[Caption-style text data]
= = = = = = =
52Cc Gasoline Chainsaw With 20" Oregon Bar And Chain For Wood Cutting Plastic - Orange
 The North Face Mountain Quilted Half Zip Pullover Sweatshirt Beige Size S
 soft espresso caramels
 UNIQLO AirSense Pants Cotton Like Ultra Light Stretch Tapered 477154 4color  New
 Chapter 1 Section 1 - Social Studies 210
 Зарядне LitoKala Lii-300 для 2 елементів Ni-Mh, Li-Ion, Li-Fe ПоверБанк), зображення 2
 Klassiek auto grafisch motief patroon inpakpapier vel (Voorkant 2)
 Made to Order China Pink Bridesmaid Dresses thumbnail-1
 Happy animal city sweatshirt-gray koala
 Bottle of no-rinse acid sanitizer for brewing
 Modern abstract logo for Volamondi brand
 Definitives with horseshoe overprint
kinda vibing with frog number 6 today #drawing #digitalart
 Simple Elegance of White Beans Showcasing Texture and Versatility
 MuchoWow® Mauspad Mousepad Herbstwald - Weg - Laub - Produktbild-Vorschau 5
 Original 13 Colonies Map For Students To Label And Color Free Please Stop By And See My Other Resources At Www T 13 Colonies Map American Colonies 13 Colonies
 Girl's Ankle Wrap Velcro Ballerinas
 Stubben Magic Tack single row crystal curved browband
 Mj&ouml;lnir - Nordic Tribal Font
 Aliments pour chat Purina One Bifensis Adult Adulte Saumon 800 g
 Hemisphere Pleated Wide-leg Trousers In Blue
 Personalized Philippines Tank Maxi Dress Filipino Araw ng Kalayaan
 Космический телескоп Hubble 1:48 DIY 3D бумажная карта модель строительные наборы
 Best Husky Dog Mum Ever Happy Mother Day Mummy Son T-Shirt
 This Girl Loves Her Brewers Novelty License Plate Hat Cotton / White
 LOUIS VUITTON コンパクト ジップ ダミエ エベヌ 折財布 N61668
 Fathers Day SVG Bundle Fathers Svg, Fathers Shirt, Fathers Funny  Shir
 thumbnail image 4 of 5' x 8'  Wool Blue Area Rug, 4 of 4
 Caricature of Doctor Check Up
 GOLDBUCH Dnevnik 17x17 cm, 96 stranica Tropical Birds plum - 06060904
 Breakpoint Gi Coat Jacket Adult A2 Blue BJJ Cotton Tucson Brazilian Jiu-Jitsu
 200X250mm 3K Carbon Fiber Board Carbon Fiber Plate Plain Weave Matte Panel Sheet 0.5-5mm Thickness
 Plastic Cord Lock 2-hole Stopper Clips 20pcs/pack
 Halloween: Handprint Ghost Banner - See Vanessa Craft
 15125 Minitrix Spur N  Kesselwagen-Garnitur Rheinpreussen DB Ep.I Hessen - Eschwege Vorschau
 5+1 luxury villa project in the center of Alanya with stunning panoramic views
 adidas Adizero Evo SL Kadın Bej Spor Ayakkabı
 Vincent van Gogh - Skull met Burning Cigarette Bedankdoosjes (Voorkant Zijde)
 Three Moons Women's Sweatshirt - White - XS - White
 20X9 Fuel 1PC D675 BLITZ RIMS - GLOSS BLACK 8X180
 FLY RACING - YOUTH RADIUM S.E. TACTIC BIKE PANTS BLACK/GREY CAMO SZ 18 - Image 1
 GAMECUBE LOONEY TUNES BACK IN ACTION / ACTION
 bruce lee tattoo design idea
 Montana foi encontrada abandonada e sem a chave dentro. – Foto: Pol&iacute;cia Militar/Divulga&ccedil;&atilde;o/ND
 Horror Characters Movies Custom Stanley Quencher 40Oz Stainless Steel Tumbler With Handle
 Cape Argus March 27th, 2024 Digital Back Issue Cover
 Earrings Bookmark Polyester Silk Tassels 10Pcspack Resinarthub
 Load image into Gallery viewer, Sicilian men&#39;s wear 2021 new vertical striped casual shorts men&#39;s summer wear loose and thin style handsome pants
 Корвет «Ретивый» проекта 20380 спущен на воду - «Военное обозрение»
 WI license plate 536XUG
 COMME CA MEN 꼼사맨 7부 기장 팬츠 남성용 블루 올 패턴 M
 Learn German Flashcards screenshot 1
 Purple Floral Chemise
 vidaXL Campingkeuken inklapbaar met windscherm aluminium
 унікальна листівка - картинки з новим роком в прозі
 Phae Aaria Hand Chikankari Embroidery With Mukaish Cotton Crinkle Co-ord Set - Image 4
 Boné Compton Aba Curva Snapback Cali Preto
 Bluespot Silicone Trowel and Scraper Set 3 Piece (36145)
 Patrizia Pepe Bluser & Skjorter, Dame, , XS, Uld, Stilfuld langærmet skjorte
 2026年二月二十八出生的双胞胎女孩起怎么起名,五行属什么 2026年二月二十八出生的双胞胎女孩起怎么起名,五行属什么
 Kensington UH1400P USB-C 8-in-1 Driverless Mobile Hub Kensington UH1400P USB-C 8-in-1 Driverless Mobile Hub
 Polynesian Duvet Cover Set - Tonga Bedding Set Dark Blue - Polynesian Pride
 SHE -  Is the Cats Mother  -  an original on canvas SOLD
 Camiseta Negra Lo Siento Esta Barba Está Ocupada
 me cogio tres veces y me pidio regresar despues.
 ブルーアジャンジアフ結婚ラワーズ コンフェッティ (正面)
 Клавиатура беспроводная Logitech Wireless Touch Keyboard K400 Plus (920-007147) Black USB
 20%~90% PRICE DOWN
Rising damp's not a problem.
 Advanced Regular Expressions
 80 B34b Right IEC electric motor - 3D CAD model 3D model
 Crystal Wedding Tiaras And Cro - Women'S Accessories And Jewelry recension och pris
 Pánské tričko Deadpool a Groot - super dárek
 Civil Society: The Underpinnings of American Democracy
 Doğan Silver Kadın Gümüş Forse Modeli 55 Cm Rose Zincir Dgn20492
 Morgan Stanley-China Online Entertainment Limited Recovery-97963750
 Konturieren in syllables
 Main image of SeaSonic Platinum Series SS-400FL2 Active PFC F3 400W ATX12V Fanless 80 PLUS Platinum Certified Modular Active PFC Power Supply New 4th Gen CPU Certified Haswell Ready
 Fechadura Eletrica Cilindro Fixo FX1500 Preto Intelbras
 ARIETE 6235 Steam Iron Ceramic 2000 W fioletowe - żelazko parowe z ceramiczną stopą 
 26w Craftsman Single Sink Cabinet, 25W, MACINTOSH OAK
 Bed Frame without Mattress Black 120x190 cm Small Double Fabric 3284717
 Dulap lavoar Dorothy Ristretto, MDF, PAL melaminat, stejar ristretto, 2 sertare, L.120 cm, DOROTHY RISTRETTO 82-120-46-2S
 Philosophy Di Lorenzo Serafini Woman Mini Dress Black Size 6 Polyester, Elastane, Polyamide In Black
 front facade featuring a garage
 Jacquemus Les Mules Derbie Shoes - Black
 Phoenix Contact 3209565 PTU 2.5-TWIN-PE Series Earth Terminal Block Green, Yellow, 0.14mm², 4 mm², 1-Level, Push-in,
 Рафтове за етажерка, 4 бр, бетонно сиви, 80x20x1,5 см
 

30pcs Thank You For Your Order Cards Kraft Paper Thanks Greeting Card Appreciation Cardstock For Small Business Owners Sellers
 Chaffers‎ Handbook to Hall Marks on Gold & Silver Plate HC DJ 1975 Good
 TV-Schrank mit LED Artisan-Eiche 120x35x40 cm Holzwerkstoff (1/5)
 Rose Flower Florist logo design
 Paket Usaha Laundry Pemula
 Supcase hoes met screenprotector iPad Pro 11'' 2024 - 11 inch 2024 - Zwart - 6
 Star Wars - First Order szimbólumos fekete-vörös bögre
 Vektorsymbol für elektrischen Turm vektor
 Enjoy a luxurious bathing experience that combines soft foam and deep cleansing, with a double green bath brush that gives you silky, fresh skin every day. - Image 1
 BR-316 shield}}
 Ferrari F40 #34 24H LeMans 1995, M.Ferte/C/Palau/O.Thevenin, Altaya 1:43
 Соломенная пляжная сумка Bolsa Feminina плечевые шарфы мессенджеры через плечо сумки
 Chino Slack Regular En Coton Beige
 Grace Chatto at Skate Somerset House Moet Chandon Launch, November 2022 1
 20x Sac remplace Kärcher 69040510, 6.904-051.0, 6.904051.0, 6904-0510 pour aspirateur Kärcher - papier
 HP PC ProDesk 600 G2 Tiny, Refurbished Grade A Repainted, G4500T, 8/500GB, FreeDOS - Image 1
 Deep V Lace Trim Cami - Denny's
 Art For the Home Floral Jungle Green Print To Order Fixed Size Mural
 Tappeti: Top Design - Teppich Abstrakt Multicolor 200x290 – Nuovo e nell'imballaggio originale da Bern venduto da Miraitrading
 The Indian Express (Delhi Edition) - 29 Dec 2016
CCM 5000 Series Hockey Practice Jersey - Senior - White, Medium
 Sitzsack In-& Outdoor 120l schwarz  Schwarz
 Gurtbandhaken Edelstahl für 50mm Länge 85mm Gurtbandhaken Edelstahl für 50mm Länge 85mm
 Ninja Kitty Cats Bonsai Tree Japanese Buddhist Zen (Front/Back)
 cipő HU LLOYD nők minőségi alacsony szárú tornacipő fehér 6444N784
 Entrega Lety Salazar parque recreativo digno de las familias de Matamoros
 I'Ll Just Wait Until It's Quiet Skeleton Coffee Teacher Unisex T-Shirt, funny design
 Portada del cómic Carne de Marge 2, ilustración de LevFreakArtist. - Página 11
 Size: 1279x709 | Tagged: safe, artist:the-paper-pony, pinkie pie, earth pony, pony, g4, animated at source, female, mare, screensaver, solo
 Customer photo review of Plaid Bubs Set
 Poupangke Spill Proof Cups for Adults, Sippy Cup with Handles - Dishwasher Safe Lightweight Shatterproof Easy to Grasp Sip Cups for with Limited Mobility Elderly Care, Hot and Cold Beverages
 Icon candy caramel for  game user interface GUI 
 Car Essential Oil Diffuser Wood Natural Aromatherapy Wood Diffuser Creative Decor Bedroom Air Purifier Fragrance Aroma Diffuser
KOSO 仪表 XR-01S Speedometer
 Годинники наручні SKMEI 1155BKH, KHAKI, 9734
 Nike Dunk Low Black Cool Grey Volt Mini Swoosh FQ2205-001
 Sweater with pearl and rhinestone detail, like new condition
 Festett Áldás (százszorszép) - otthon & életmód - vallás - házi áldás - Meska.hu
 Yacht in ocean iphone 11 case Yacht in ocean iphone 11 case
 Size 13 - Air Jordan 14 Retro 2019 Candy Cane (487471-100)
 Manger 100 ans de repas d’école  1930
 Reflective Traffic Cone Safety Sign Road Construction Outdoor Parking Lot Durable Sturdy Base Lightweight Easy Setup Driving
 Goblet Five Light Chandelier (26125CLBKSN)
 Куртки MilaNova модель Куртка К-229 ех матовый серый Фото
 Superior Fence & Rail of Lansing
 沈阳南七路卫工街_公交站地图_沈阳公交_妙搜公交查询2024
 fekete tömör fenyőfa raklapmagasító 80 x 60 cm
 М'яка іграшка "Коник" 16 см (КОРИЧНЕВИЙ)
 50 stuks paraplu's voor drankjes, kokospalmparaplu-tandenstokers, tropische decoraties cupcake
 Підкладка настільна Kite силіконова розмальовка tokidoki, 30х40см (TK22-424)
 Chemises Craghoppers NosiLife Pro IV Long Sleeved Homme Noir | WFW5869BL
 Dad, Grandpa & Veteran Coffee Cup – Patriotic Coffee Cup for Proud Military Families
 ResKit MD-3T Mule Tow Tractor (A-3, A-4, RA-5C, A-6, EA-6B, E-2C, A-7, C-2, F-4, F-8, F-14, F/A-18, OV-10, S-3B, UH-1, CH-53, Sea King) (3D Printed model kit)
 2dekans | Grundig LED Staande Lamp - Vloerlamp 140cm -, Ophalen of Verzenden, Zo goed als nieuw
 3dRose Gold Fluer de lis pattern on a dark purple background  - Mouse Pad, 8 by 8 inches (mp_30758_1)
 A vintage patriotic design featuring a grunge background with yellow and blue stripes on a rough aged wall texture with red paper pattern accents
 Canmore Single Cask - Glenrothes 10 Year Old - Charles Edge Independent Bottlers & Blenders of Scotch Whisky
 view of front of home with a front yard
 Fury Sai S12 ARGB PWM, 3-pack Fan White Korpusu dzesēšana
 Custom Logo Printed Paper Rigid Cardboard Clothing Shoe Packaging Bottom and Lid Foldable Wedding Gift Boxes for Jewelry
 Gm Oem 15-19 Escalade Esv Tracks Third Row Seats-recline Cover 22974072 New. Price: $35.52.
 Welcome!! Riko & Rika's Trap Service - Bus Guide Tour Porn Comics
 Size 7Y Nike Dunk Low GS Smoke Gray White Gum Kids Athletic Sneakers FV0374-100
= = = = = = =
→ **WHAT TO PRODUCE**:
Looking back over the data above, restate word for word the lines that begin at the line with "Definitives with horseshoe overprint" and end at the line with "GOLDBUCH Dnevnik 17x17", inclusive.

→ **ANSWER SECTION**:
 Definitives with horseshoe overprint
kinda vibing with frog number 6 today #drawing #digitalart
 Simple Elegance of White Beans Showcasing Texture and Versatility
 MuchoWow® Mauspad Mousepad Herbstwald - Weg - Laub - Produktbild-Vorschau 5
 Original 13 Colonies Map For Students To Label And Color Free Please Stop By And See My Other Resources At Www T 13 Colonies Map American Colonies 13 Colonies
 Girl's Ankle Wrap Velcro Ballerinas
 Stubben Magic Tack single row crystal curved browband
 Mj&ouml;lnir - Nordic Tribal Font
 Aliments pour chat Purina One Bifensis Adult Adulte Saumon 800 g
 Hemisphere Pleated Wide-leg Trousers In Blue
 Personalized Philippines Tank Maxi Dress Filipino Araw ng Kalayaan
 Космический телескоп Hubble 1:48 DIY 3D бумажная карта модель строительные наборы
 Best Husky Dog Mum Ever Happy Mother Day Mummy Son T-Shirt
 This Girl Loves Her Brewers Novelty License Plate Hat Cotton / White
 LOUIS VUITTON コンパクト ジップ ダミエ エベヌ 折財布 N61668
 Fathers Day SVG Bundle Fathers Svg, Fathers Shirt, Fathers Funny  Shir
 thumbnail image 4 of 5' x 8'  Wool Blue Area Rug, 4 of 4
 Caricature of Doctor Check Up
 GOLDBUCH Dnevnik 17x17 cm, 96 stranica Tropical Birds plum - 06060904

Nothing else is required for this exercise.